It’s not that some people are creative and others aren’t. Everyone is creative: you can’t be Human and not be creative.
It’s not that creativity is always good, or our imagining which precedes it. Human creativity can be the vehicle for evil as well as good.
It is about what we do with it.
We can now imagine and create a lot more than ever before; Ramez Naam anticipates this when he writes; ‘We stand poised on the brink of the largest ever explosion of human mental power, a second Renaissance more transformative, more far-reaching, and more inclusive than the first.’
The last phrase – ‘more inclusive than the first – means you too.
McNair Wilson sets us off in the right direction when he says, the question is not whether we have imagination, but: ‘Do you use your imagination, your natural sense of wonder and curiosity to make a difference?’
We remember there is no such thing as the future, there are only possible futures.
More than ever before, the world we find ourselves in allows us the opportunity to say what kind of future we want, and then live for it, to use our imagination and creativity to choose the world we hope for.
To have this, though, we may have to lose something.
Albert Espinosa, in describing his yellow world, writes out: ‘The first discovery of the yellow world: losses are positive.’*
We need to let go of those things we cannot have (or perhaps, should not have), for something we can – the something which engages the skills and the passions we have, and finds others and causes with which to connect. The thing you might be wanting to do could be the very thing getting in the way of what you need to do.

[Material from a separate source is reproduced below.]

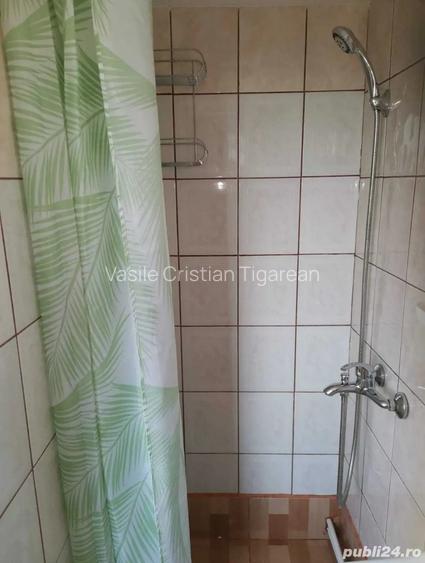 De vanzare garsoniera zona B-dul Decebal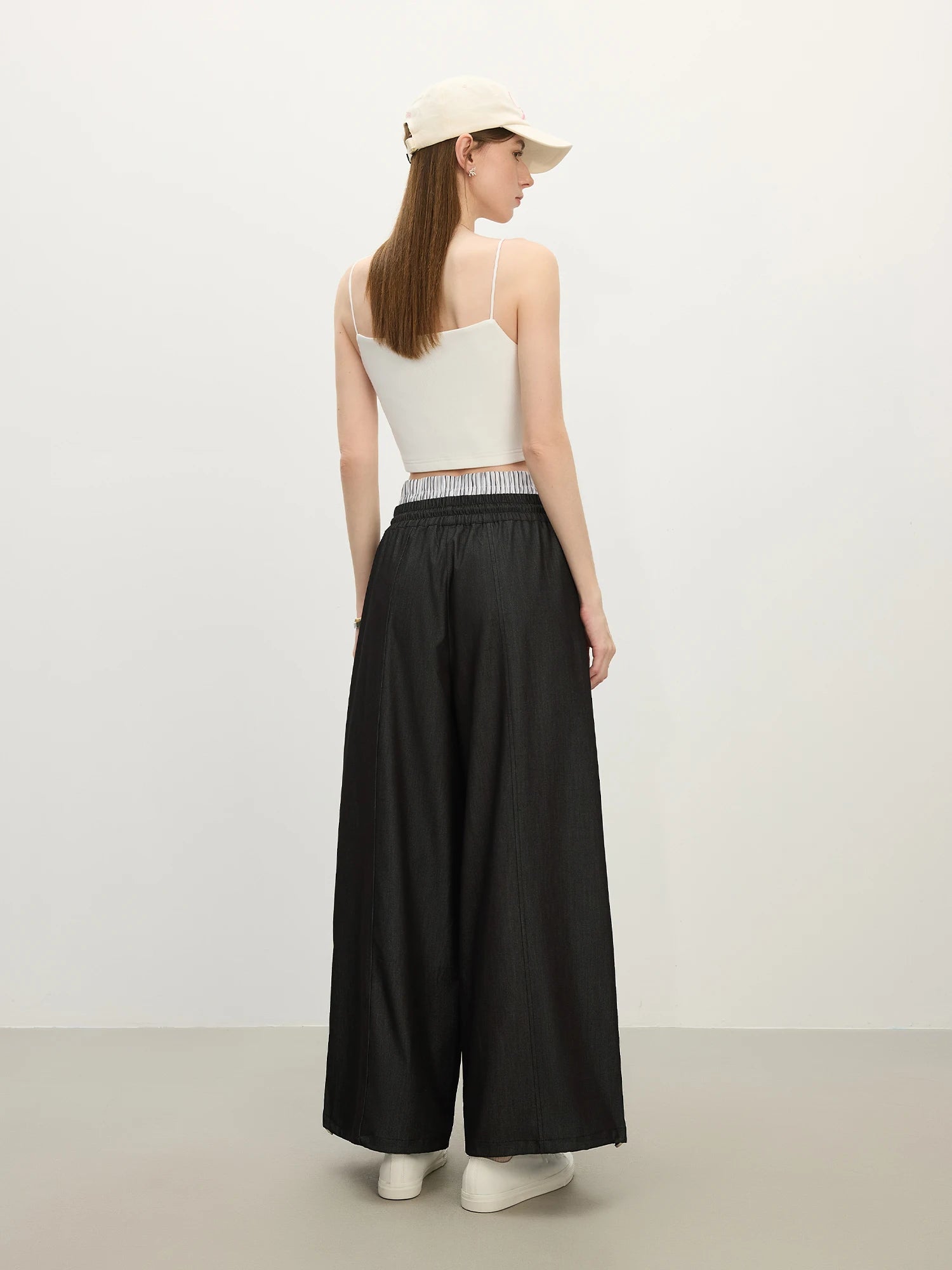 FSLE MInimalism Slim Fit Lace Splicing Camisole For Women 2025 Summer New Arrival Strappy Sleeveless Casual Tops 25FS12483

As I write this, I’m thinking of sixteen years I tried to give to something because I thought it was what I should do. Three times I failed; the third time I decided to give this hope up.** I now know my Hunger and I’m trying to feed it every day.
Hugh MacLeod describes the thing we each must do as the Hunger. It’s a good word for what consumes us:
‘The Hunger will give you everything. And it will take
from you everything. It will cost you your life, and
there’s not a damn thing you can do about it. But knowing
this, of course, is what ultimately sets you free.’
(*Albert Espinosa shares how he had to lose a leg when he was fifteen, and how he was encouraged to have a party for this. So he did, inviting all the people, and a dog, that had some connection to his leg; the next day, his leg was taken away.)